Based on the results of the experiment, the following hypothesis can be made: the stiffer the wool, the worse the ability to electrify other bodies. Perhaps cat hair has better electrifying properties than dog hair. However, further research with a larger number of experiments is required to verify these claims. It’s nice that the champion in this area was a kitten who could not surpass his opponent in weight, speed, traction and volume.

Is it good when hair is electrolyzed?

In order to find out how electricity affects a person, I conducted an experiment.

I took two combs, a wooden one and a plastic one. Having combed my (dry) hair with combs, it turned out that after this the hair was attracted to the comb. But they are better attracted to a plastic comb rather than a wooden one. This can be explained by the fact that wood is less electrified.
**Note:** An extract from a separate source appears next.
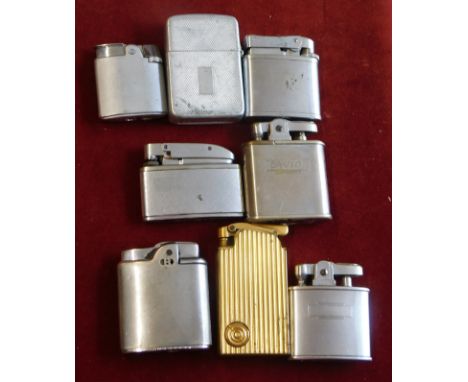 Lighters - A collection of (8) vintage lighters including (6) Ronson lighters, (1) Flamsong musical lighter and Storm King li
Before rubbing the comb on the hair, the number of positive and negative charges on the hair and the comb is the same. After rubbing the comb on your hair, a positive charge appears on the hair, and a negative charge appears on the comb.

When your hair is electrified, it is not very convenient and not natural at all, so it is better to use wooden combs, it will be better for your hair and for you.

Humanity has tried to logically explain various electrical phenomena, examples of which they observed in nature. Thus, in ancient times, lightning was considered a sure sign of the wrath of the gods, medieval sailors trembled blissfully before the fires of St. Elmo, and our contemporaries are extremely afraid of encountering ball lightning.

All these are electrical phenomena. In nature, everything, even you and me, carries within itself. If objects with large charges of different polarities come close, then a physical interaction occurs, the visible result of which is a flow of cold plasma colored, usually yellow or purple, between them. Its flow stops as soon as the charges in both bodies are balanced.

The most common electrical phenomena in nature is lightning. Every second, several hundred of them hit the Earth's surface. Lightning usually targets isolated tall objects, since, according to physical laws, the transfer of a strong charge requires the shortest distance between a thundercloud and the surface of the Earth. To protect buildings from lightning strikes, their owners install lightning rods on the roofs, which are tall metal structures with grounding, which, when struck by lightning, allows the entire discharge to be discharged into the soil.

Another electrical phenomenon, the nature of which remained unclear for a very long time. Mostly sailors dealt with him. The lights manifested themselves as follows: when a ship was caught in a thunderstorm, the tops of its masts began to blaze with bright flames. The explanation for the phenomenon turned out to be very simple - the fundamental role was played by the high voltage of the electromagnetic field, which is observed every time before the onset of a thunderstorm. But not only sailors can deal with lights. Pilots of large airliners have also experienced this phenomenon when flying through clouds of ash thrown into the sky by volcanic eruptions. The fires arise from the friction of ash particles against the skin.

Both lightning and St. Elmo's fire are electrical phenomena that many have seen, but not everyone has been able to encounter them. Their nature has not been fully studied. Typically, eyewitnesses describe ball lightning as a bright luminous spherical formation, moving chaotically in space. Three years ago, a theory was put forward that cast doubt on the reality of their existence. If it was previously believed that various ball lightnings were electrical phenomena, then the theory suggested that they were nothing more than hallucinations.

There is another phenomenon that is of an electromagnetic nature - the northern lights. It arises as a result of the influence of the solar wind on the upper Northern Lights. They look like flashes of a variety of colors and are usually recorded at fairly high latitudes. There are, of course, exceptions - if it is high enough, then residents of temperate latitudes can also see the lights in the sky.

Electrical phenomena are a rather interesting object of study for physicists all over the planet, since most of them require detailed justification and serious study.